Listed records:
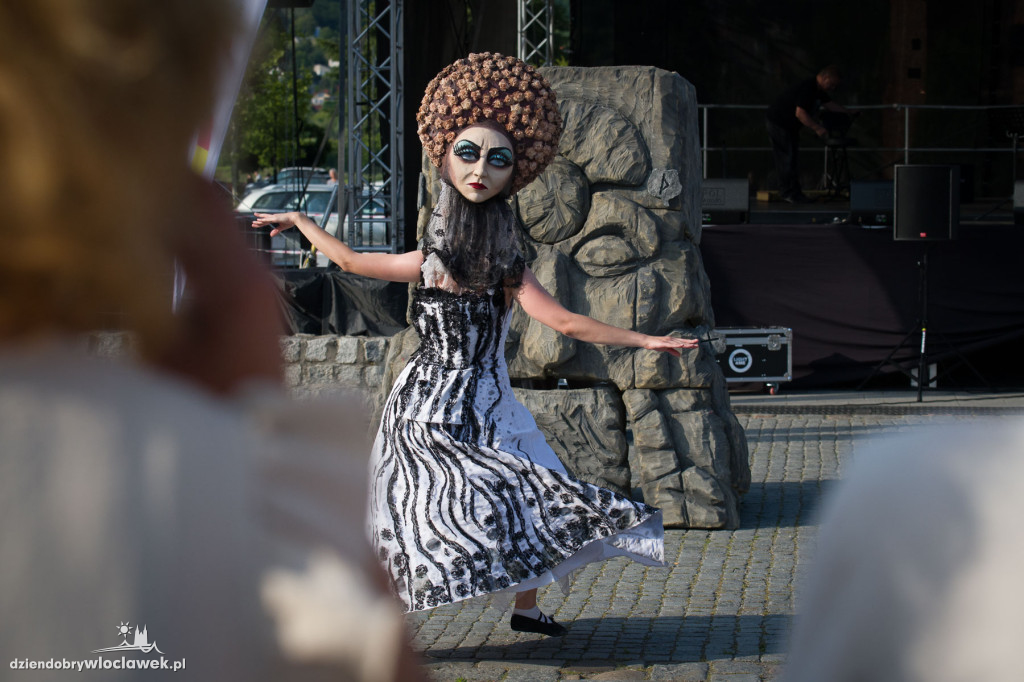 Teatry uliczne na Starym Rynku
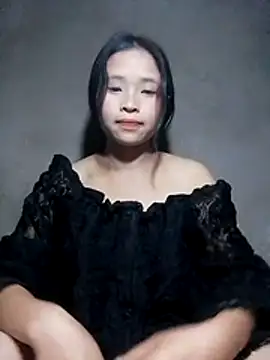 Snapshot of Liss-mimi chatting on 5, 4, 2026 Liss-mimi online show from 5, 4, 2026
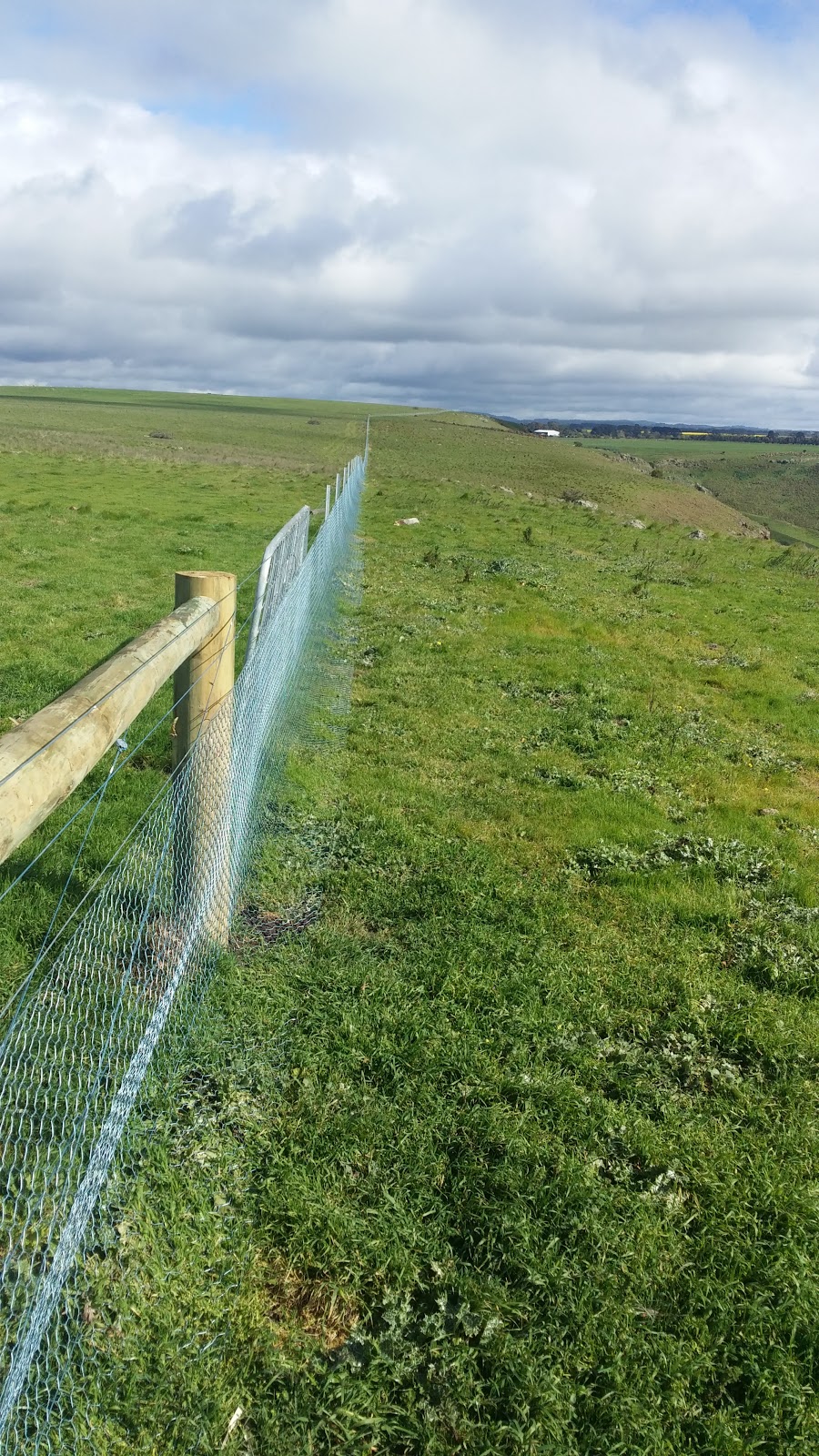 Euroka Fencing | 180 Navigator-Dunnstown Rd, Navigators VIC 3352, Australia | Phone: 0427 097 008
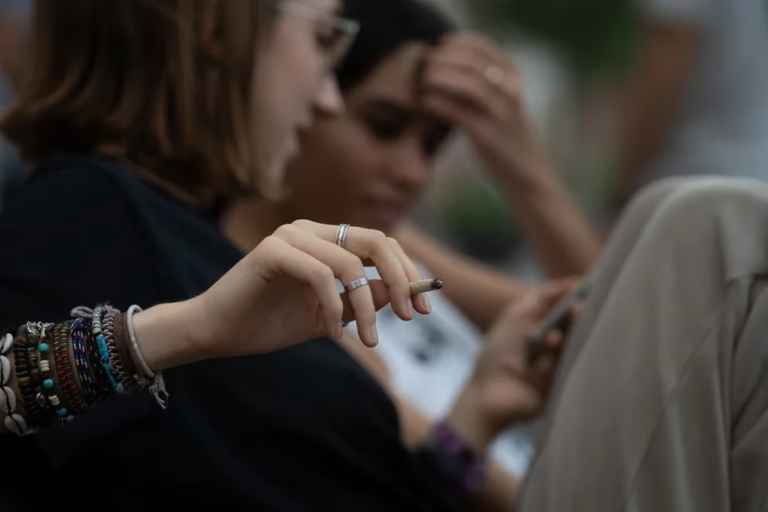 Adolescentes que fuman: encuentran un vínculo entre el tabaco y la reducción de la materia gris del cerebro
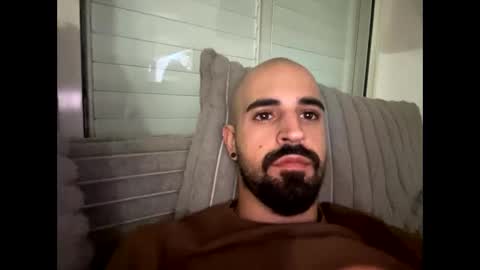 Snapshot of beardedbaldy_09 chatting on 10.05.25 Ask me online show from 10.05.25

Task objective:
Within the listing above, write out the stretch from the line with "Snapshot of Liss-mimi" through the line with "Euroka Fencing |" exactly. Any pictures are to be left out.

Response to this task:
 Snapshot of Liss-mimi chatting on 5, 4, 2026 Liss-mimi online show from 5, 4, 2026
 Euroka Fencing | 180 Navigator-Dunnstown Rd, Navigators VIC 3352, Australia | Phone: 0427 097 008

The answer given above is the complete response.